- Do you have a company culture of continuous improvement?
- Are you dedicating 10% or more of your time to working on your business?
- Do you delegate parts of your business and have a methodology for holding people accountable for performance?
If you are not, you are impacting your profitability in a big way.
As a business owner this is coming right off your bottom line. If you are losing $10,000 in costs (i.e. profit) and you have margins of 5%, you would have to earn another $200,000 in revenue to make that back.
Business advisors like Jeff Pallister can come into many businesses and easily find $50,000 in savings in a short period of time. He does this largely by tapping into the latent talent and creativity of your existing team.
Our Own Example
Recently I had to step into a business process and get some work done that was languishing. The people currently doing the work did it in short bursts and then did something else; the work was cyclical. Because I wanted to do a large batch all at once the flaws in the process became painfully obvious. Because I am very time constrained I elected to fix those processes.
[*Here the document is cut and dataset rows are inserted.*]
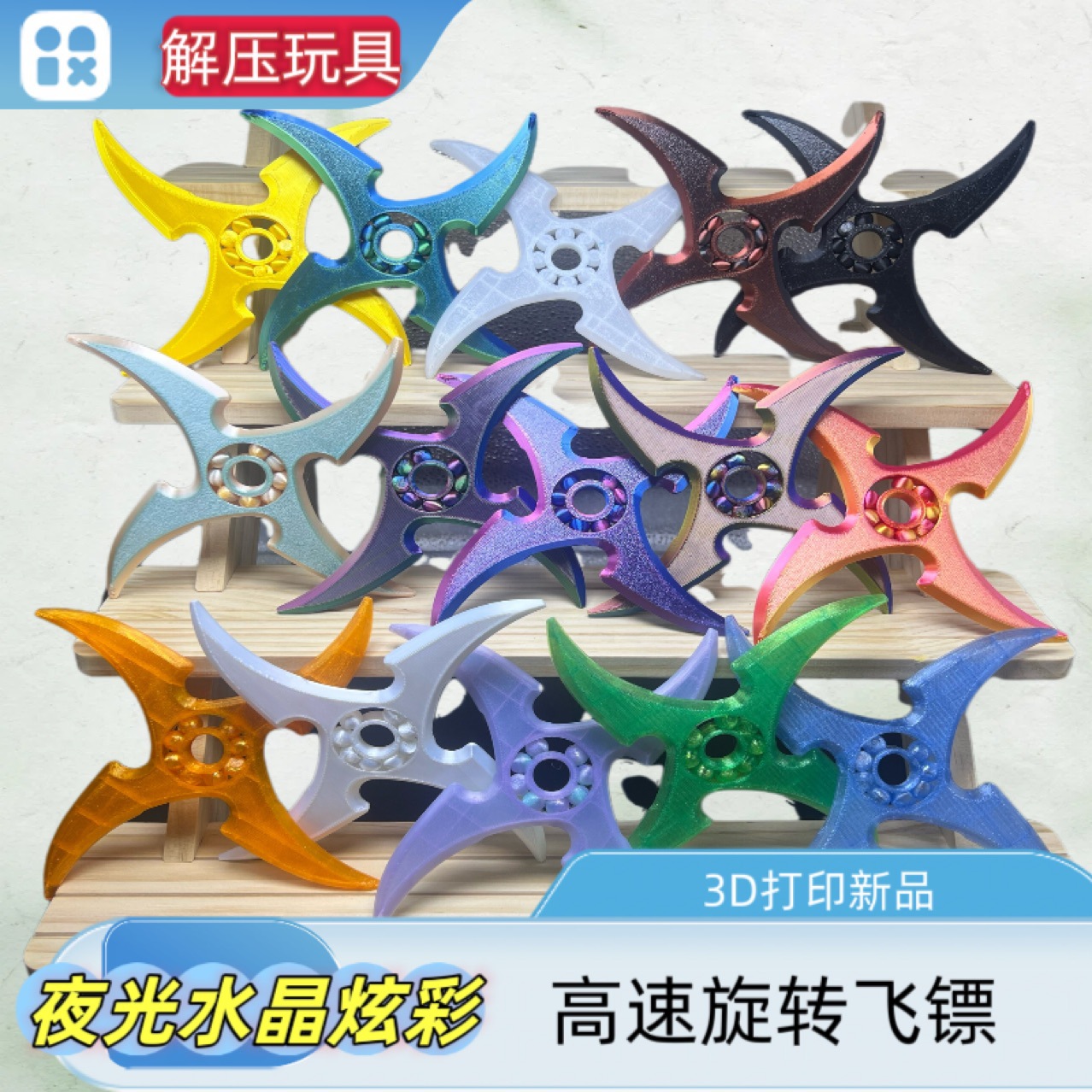 Наруто, игрушка, крутящийся подшипник, волчок для пальца, дротики, 3D, антистресс, популярно в интернете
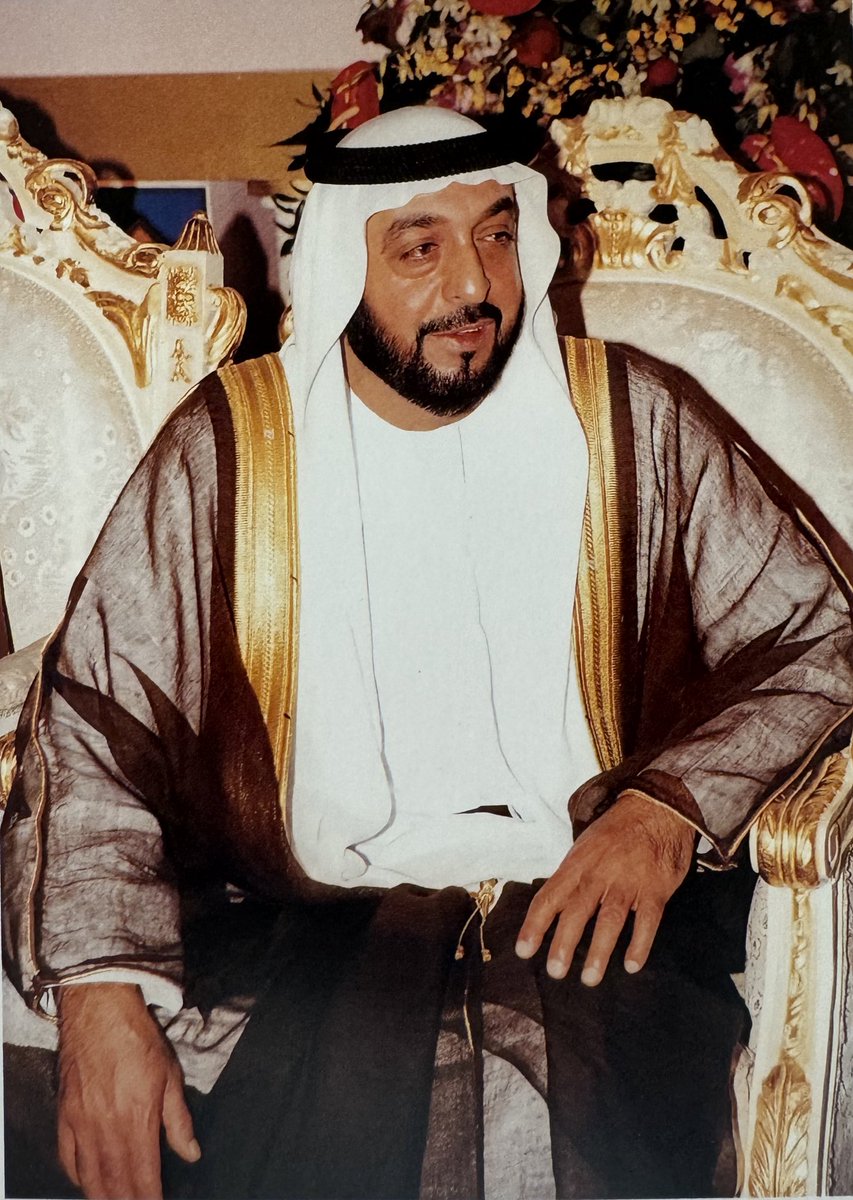 الا يارب يعله مستريحي
وفي الفردوس يكتب له محلي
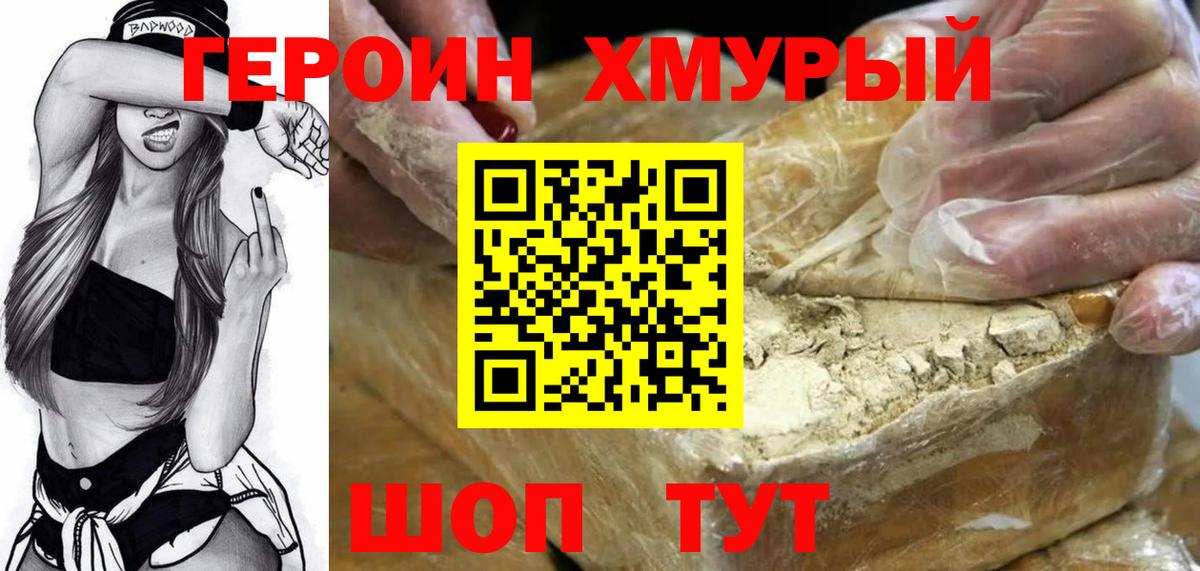 ГЕРОИН  ГЕРОИН Афган  Вход с VPN  Махачкала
The result was that I was able to do the remaining work in 50% less time, saving 10-20 hours of effort.
The “E-Myth Revisted” by Michael Gerber promotes the idea of the entrepreneur(s) learning and doing each role until they understand it and make it repeatable and efficient. Only then should you hire someone to perform the role. This is part of the idea of running your business as a franchise, even if it won’t be.
Now this is not the only way to do it. But as an entrepreneur you must own the “creation of your business”. You can delegate pieces but you must train, coach, measure and hold accountable all of the people you have delegated the process to.
Over the period of a year we spent 500 hours supporting, upgrading and administering one application. A 10% improvement in overall efficiency could translate into 50 hours of savings a year.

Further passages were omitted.